In Section 3.6, we study dynamic programming and Markov decision theory. These topics include a “decision maker,” “policy maker,” or “control” that modify both the transition probabilities and the rewards at each trial of the ‘Markov chain.’ The decision maker attempts to maximize the expected reward, but is typically faced with compromising between immediate reward and the longer-term reward arising from the choice of transition probabilities that lead to ‘high reward’ states. This is a much more challenging problem than the current study of Markov chains with rewards, but a thorough understanding of the current problem provides the machinery to understand Markov decision theory also.

The steady-state expected reward per unit time, assuming a single recurrent class of states, is defined to be the gain, expressed as \(g=\sum_{i} \pi_{i} r_{i}\) where \(\pi_{i}\) is the steady-state probability

Examples of Markov Chains with Rewards

The following examples demonstrate that it is important to understand the transient behavior of rewards as well as the long-term averages. This transient behavior will turn out to be even more important when we study Markov decision theory and dynamic programming.

Example 3.5.1: Expected first-passage time

First-passage times, i.e., the number of steps taken in going from one given state, say \(i\), to another, say 1, are frequently of interest for Markov chains, and here we solve for the expected value of this random variable.

Solution

Since the first-passage time is independent of the transitions after the first entry to state 1, we can modify the chain to convert the final state, say state 1, into a trapping state (a trapping state \(i\) is a state from which there is no exit, i.e., for which \(P_{i i}=1\)). That is, we modify \(P_{11}\) to 1 and \(P_{1 j}\) to 0 for all \(j \neq 1\). We leave \(P_{i j}\) unchanged for all \(i \neq 1\) and all \(j\) (see Figure 3.6). This modification of the chain will not change the probability of any sequence of states up to the point that state 1 is first entered.
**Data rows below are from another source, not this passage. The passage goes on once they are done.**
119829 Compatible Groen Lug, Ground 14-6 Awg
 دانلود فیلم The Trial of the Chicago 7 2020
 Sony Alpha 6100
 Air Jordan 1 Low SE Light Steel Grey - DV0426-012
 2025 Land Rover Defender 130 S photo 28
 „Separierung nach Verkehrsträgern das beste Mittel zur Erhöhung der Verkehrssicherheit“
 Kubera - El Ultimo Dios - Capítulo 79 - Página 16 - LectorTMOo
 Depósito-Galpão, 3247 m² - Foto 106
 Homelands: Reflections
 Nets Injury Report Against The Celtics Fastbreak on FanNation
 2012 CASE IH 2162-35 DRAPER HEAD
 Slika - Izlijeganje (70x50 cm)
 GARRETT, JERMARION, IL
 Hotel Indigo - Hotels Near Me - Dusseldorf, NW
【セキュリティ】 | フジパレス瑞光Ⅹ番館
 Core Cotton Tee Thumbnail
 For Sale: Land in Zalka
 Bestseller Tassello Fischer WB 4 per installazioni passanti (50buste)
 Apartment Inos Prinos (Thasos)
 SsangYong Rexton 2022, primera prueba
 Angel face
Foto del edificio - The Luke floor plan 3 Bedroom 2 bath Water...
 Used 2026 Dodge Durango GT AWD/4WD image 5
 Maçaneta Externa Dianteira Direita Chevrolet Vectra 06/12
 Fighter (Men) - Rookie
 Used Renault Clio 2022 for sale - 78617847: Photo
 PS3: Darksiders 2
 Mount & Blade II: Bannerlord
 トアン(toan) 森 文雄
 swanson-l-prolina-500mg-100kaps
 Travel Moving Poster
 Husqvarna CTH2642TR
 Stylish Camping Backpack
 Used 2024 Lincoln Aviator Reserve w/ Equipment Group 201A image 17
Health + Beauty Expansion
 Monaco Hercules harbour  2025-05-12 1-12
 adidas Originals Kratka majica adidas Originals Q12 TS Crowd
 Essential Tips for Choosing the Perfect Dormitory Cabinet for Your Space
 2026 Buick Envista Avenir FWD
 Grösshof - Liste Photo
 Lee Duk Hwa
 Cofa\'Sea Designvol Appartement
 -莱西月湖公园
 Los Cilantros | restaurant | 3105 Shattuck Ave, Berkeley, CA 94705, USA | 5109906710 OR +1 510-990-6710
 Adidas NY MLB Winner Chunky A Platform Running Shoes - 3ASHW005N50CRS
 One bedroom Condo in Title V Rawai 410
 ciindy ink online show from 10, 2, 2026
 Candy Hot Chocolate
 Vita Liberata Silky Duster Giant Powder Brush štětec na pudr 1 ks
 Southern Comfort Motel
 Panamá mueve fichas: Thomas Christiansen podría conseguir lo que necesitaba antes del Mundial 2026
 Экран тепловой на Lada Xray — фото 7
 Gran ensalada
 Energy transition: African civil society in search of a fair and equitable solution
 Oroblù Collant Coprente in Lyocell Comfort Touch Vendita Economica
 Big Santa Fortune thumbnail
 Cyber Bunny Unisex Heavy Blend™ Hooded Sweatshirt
Screen Shot 2021-08-31 at 3.11.41 PM.png

Let \(v_{i}\) be the expected number of steps to first reach state 1 starting in state \(i \neq 1\). This number of steps includes the first step plus the expected number of remaining steps to reach state 1 starting from whatever state is entered next (if state 1 is the next state entered, this remaining number is 0). Thus, for the chain in Figure 3.6, we have the equations

\(\begin{aligned}
v_{2} &=1+P_{23} v_{3}+P_{24} v_{4} \\
v_{3} &=1+P_{32} v_{2}+P_{33} v_{3}+P_{34} v_{4} \\
v_{4} &=1+P_{42} v_{2}+P_{43} v_{3}
\end{aligned}\)

For an arbitrary chain of M states where 1 is a trapping state and all other states are transient, this set of equations becomes

\[v_{i}=1+\sum_{j \neq 1} P_{i j} v_{j} ; \quad i \neq 1\label{3.31} \]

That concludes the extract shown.